## Work instruction:
Reproduce only this stretch of the listing below: from the line with "Certified 2026 Mercedes-Benz" through the line with "Gwangju Divine Hotel", exactly as written, with pictures excluded.
Data in this exercise below:
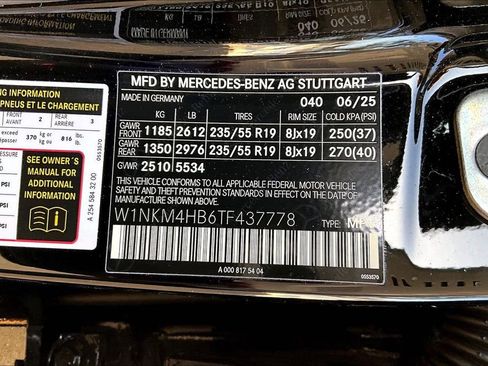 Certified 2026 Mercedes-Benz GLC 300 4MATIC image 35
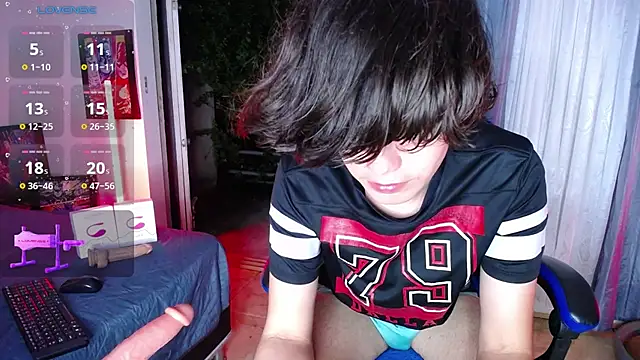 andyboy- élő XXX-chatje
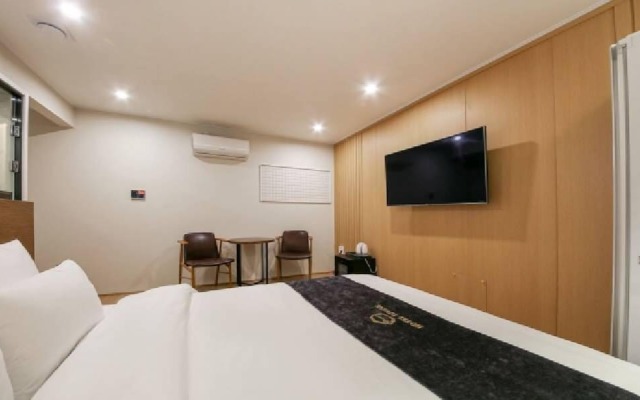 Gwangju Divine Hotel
End of Data in this exercise.
Data in this exercise below:
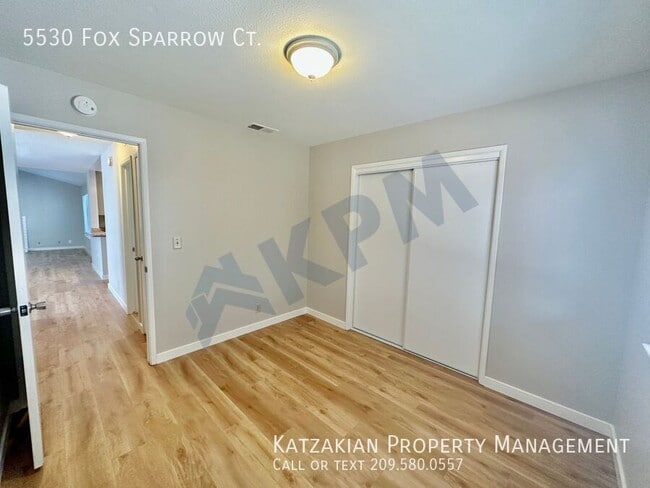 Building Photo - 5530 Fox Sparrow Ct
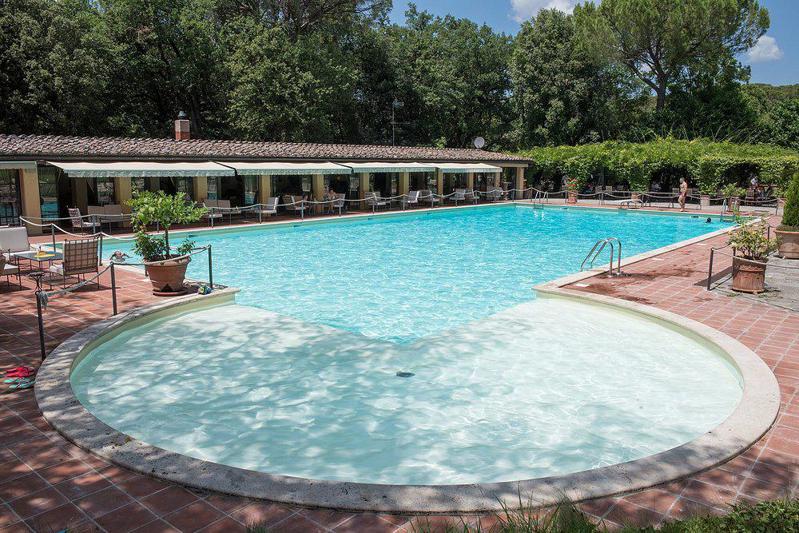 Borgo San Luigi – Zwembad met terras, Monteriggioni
End of Data in this exercise.
Data in this exercise below:
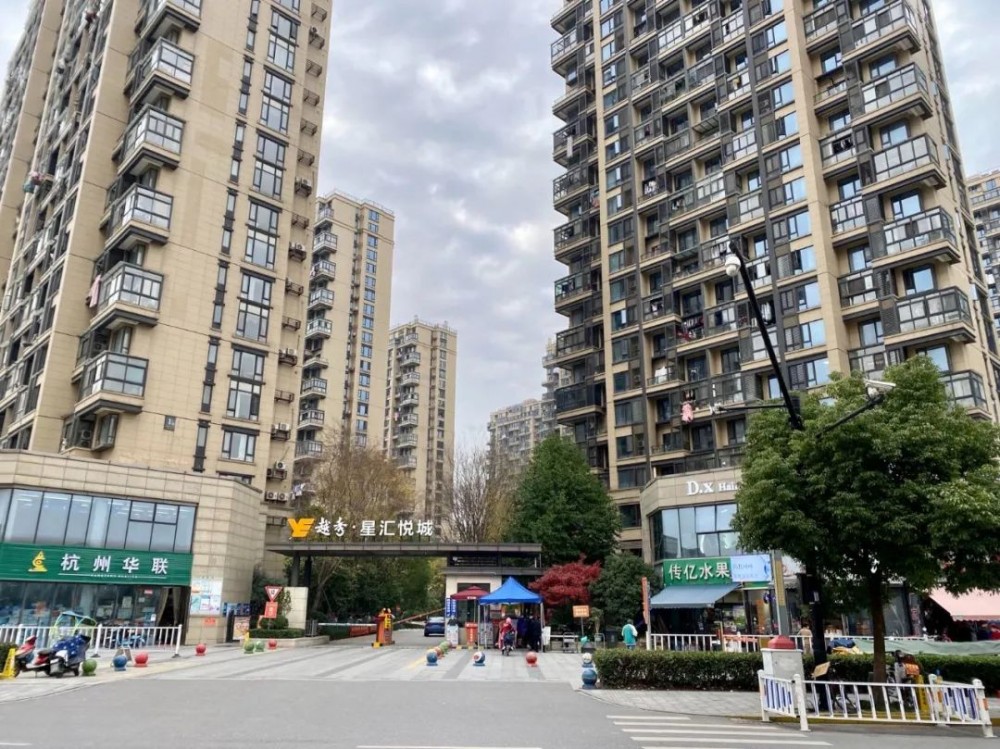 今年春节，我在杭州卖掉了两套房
End of Data in this exercise.
## Solution:
 Certified 2026 Mercedes-Benz GLC 300 4MATIC image 35
 andyboy- élő XXX-chatje
 Gwangju Divine Hotel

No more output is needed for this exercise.